El público, monedas en mano, formó una cola delante de la cortina. La Rata bajó de un salto de la tarima para hacerlos pasar; su ayudante, un gigante de abultada musculatura, recogía el dinero de las entradas. Hirata se incorporó a la cola. Al ver sus manos vacías el gigante gruñó y frunció el entrecejo.
– Es a ti a quien vengo a ver -le dijo a la Rata.

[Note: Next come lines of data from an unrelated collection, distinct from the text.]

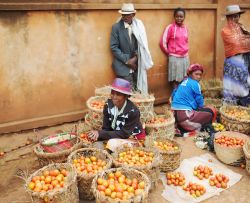 Il mercato degli agricoltori nella città di Antananarivo (Madagascar). Il commercio informale è una delle principali forme di sussistenza della popolazione malgascia - foto ...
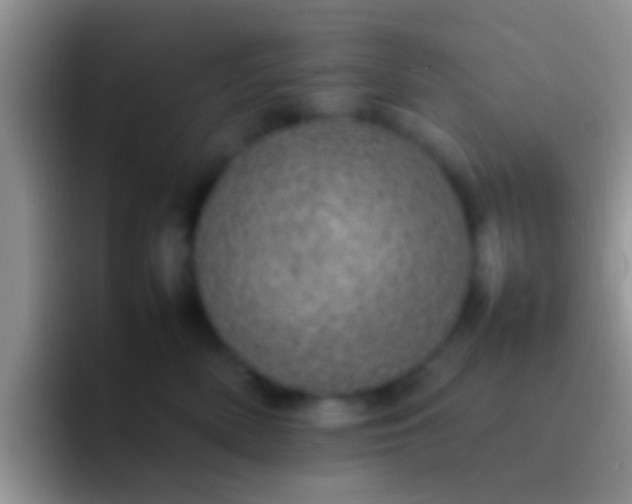 X0000092090522200709262125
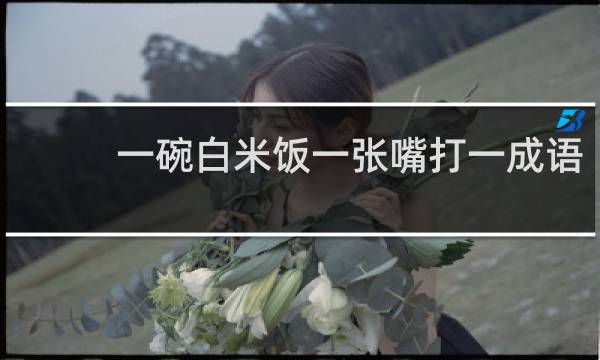 一碗白米饭一张嘴打一成语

– Ah, Hirata-san. -Los ojillos brillantes de la Rata adquirieron un destello de astucia codiciosa; se frotó las zarpas peludas-. ¿Qué puedo hacer hoy por vos?
– Necesito información.
La Rata, que campaba por Edo y sus provincias en continua búsqueda de nuevos monstruos, también recogía novedades. Complementaba sus ingresos con la venta de información selecta. Cuando era agente de policía, Hirata lo había atrapado durante una redada en un burdel ilegal, y la Rata había trocado su puesta en libertad por información, revelándole a Hirata el paradero de un forajido que llevaba años eludiendo a la policía de Edo. Desde entonces, Hirata lo había usado a menudo de confidente. Sus precios eran altos, pero el servicio era fiable.
– Será mejor que entréis -dijo la Rata. Hablaba con acento pueblerino y extranjero-. La función está a punto de empezar, y tengo que anunciar los números. Podemos hablar entre tanto.
Hirata lo siguió al interior del edificio, donde el público se agolpaba en una angosta habitación frente al telón bajado de un escenario. La Rata se encaramó a él. Ensalzó las maravillas que estaban a punto de presenciar y empujó a la muchedumbre a un frenesí ansioso y vocinglero; entonces anunció:
– ¡Y ahora os presento al enano de Kanto!
Se abrió el telón y apareció una figura grotesca, la mitad de alto que un hombre normal, con cabeza grande, cuerpo enano y extremidades cortas. Ataviado con chillones ropajes teatrales, entonó una canción de un popular drama kabuki. El público vitoreó. La Rata se unió a Hirata entre bastidores.
– Busco a un vendedor ambulante de drogas llamado Choyei -dijo Hirata, y le refirió la escasa información que disponía sobre el hombre.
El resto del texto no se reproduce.